### The task
Set down exactly the lines from the one containing "AfricanFinancials Premium Service Provider" to the final line of the records below, with every picture omitted.

Records from a data source
┏━━

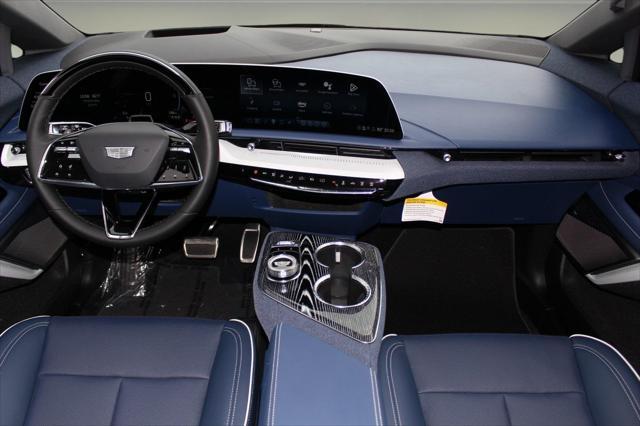 new 2025 Cadillac OPTIQ car, priced at $61,090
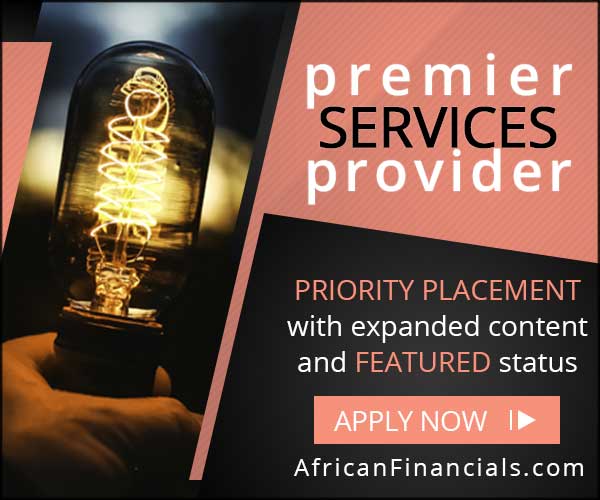 AfricanFinancials Premium Service Provider
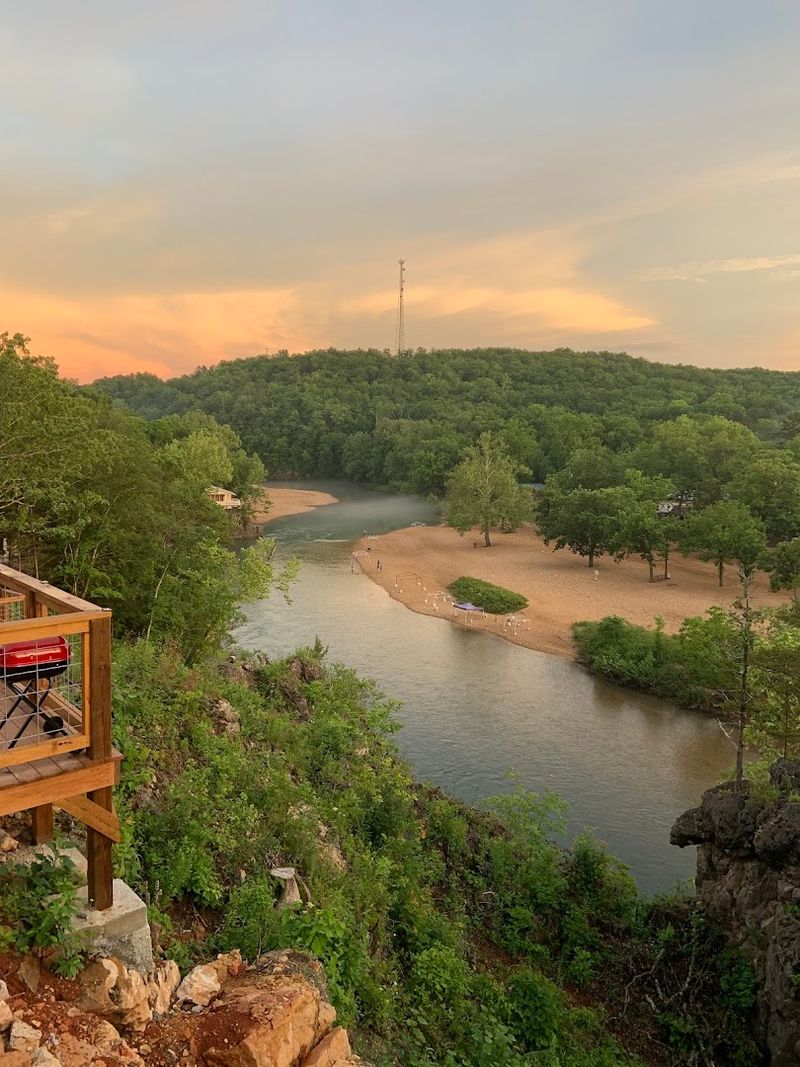 Jacks Fork River, Eminence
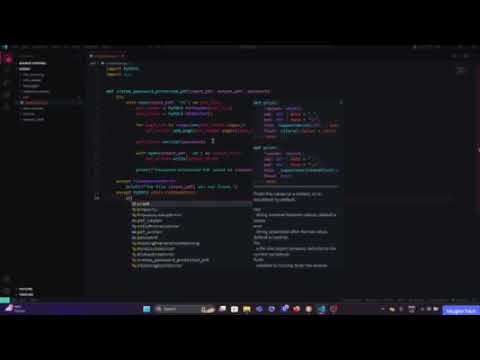 First Function for a PDF Protector | Build Your Own PDF Encryption Tool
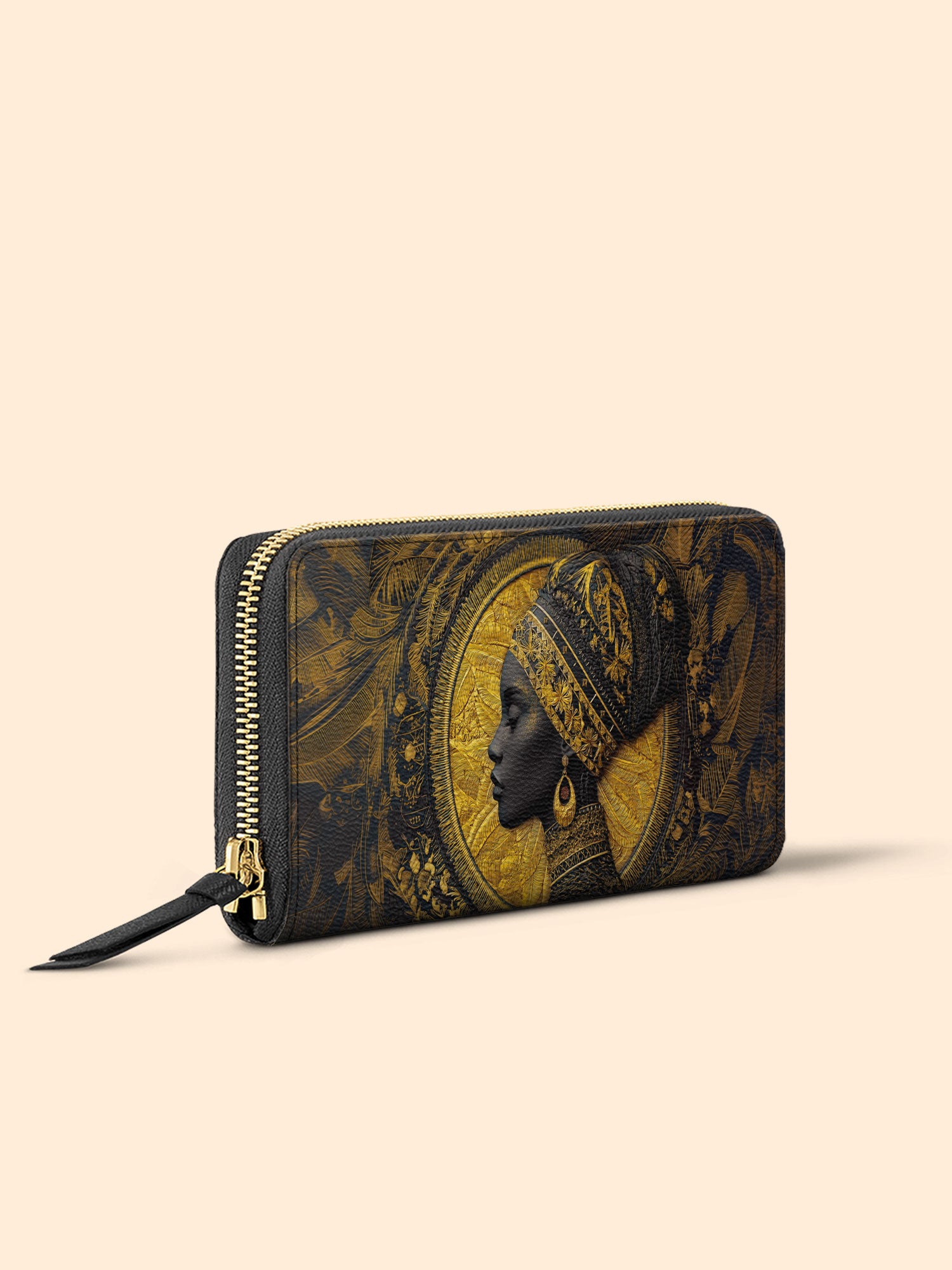 Bold Skin Slimline Zippy Wallet QR0TD046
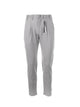 People Of Shibuya Gray Trousers With Elastic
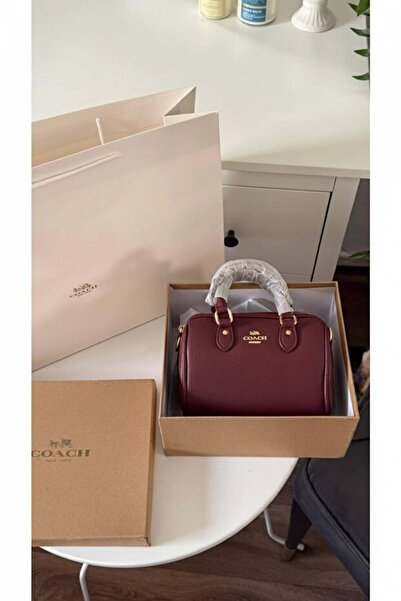 By Coach small red handbag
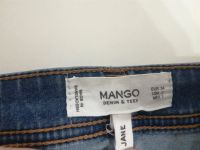 Лот: 22181986. Фото: 2. Джинсы Mango Denim&Tees EUR 34. Женская одежда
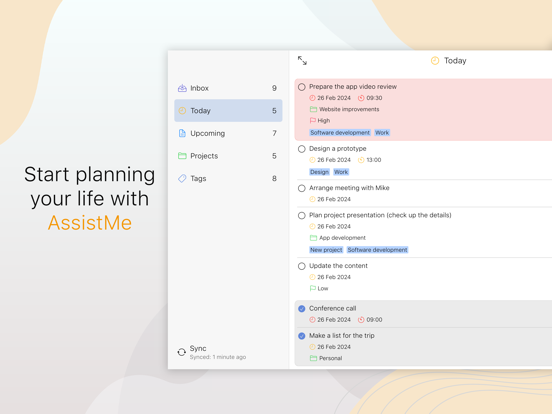 AssistMe – tasks & to do list screenshot 10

┗━━

### Written solution
 AfricanFinancials Premium Service Provider
 Jacks Fork River, Eminence
 First Function for a PDF Protector | Build Your Own PDF Encryption Tool
 Bold Skin Slimline Zippy Wallet QR0TD046
 People Of Shibuya Gray Trousers With Elastic
 By Coach small red handbag
 Лот: 22181986. Фото: 2. Джинсы Mango Denim&Tees EUR 34. Женская одежда
 AssistMe – tasks & to do list screenshot 10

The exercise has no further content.